Se lo scorso 4 marzo il Partito Democratico era stato fra i gruppi più delusi dopo i voti delle elezioni nazionali, a seguito dei ballottaggi di ieri, che hanno sancito la schiacciante supremazia della Lega e del centro destra in generale, esce praticamente distrutto. L’ex ministro dello sviluppo economico, Carlo Calenda, è stato fra coloro che più si sono scatenati all’interno dello stesso Pd, chiedendo a gran voce la creazione di un nuovo partito, un fronte repubblicano con nuovi attori, nuovi protagonisti, e nuovi vertici.
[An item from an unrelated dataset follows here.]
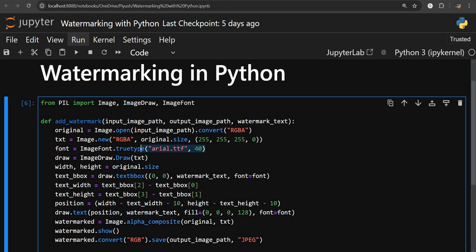Then we are specifying the font. For that we are using the truetype method present in our ImageFont module. We are using an Arial font with a 40-point size. This is where we specify our font and store it in a font object.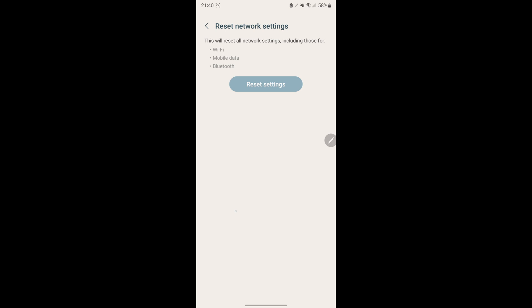After the reset, you'll need to reconnect to Wi-Fi and repair Bluetooth devices.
Molti coloro che la pensano come l’ex titolare del Mise, a cominciare da Massimo Mattei, ex assessore alla mobilità del Comune di Firenze (con Renzi sindaco), che attraverso la propria pagina personale di Facebook ha attaccato senza mezze misure il gruppo democratico toscano dopo la debacle di ieri: «Adesso non avete più alibi – scrive – dovete andare a casa. Dimettervi, lasciare ogni incarico. Il gruppo dirigente regionale del Pd deve dimettersi immediatamente e convocare il congresso. Dovete farvi da parte». Quindi ancora: «I caminetti, le riunioni tra le correnti, le stesse facce da perdenti che ci hanno portato a questo disastro hanno rotto…. Andate a casa. Dovreste vergognarvi. Abbiamo perso Siena. Abbiamo perso Pisa. Massa. A Pescia non siamo andati nemmeno al ballottaggio. A Pietrasanta abbiamo perso». Mattei conclude la propria disamina senza troppi peli sulla lingua, con queste parole: «Vi prego andate a casa. Tornate alle vostre professioni se ne avete una. Non anteponete le vostre misere aspettative alle speranze di una comunità che è stata umiliata e sconfitta per colpa della vostra inettitudine. Andate a casa per favore. Adesso non si scherza più». (aggiornamento di Davide Giancristofaro)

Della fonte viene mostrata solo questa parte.